* THE TASK
Below is a listing with pictures in it. Copy it exactly without them.

* EXERCISE DATA
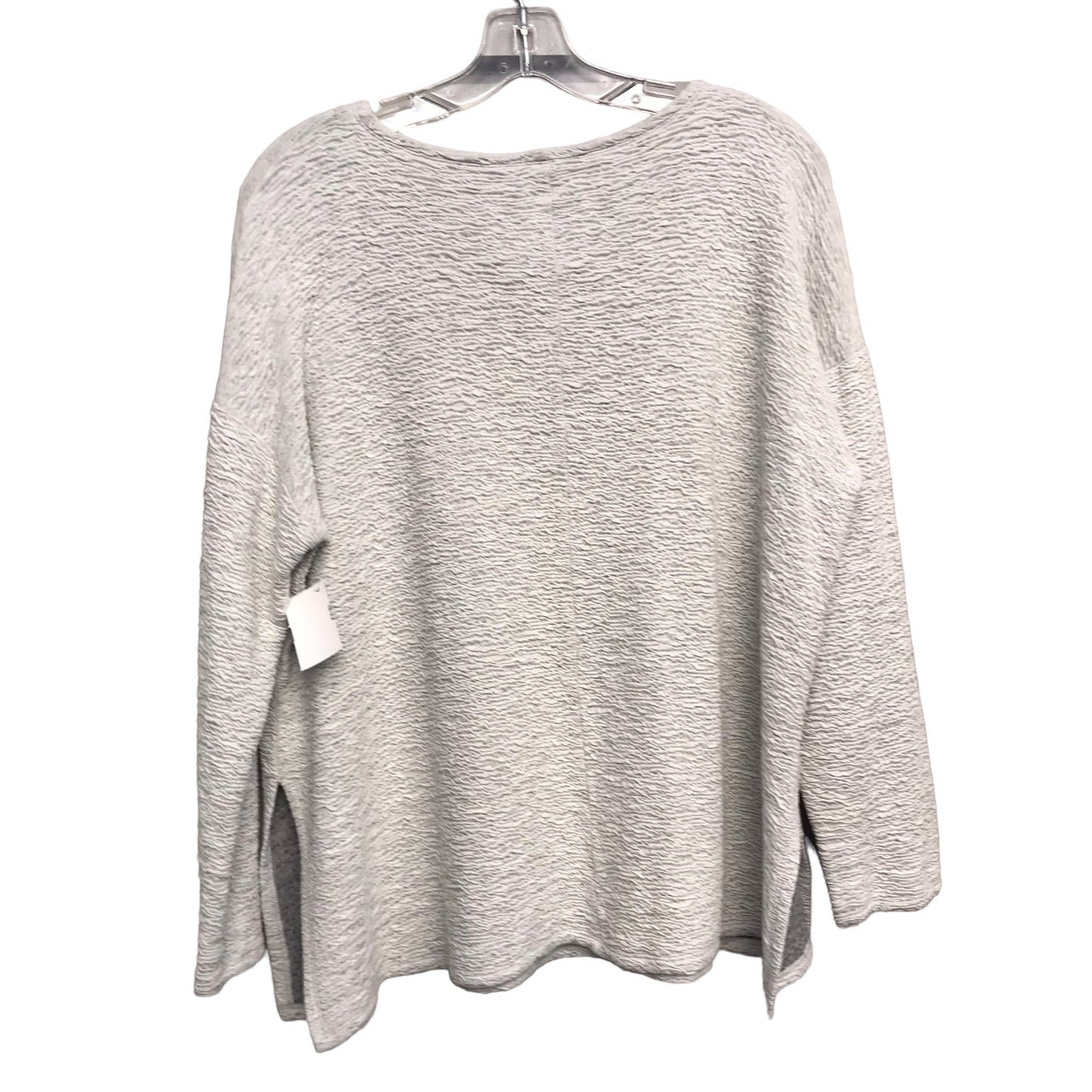 GREY TOP LS by EILEEN FISHER Size:M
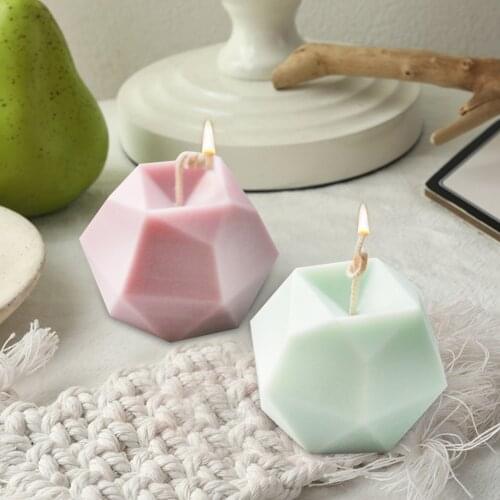 Geometric Diamond Candle Silicone Mold DIY Faceted Diamond Chocolate Candy Handmade Soap Jelly Gypsum Gem Stone Mold Supplies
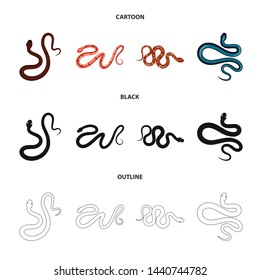 Vector design of mammal and danger symbol. Collection of mammal and medicine stock symbol for web.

* REPLY TO THE TASK
 GREY TOP LS by EILEEN FISHER Size:M
 Geometric Diamond Candle Silicone Mold DIY Faceted Diamond Chocolate Candy Handmade Soap Jelly Gypsum Gem Stone Mold Supplies
 Vector design of mammal and danger symbol. Collection of mammal and medicine stock symbol for web.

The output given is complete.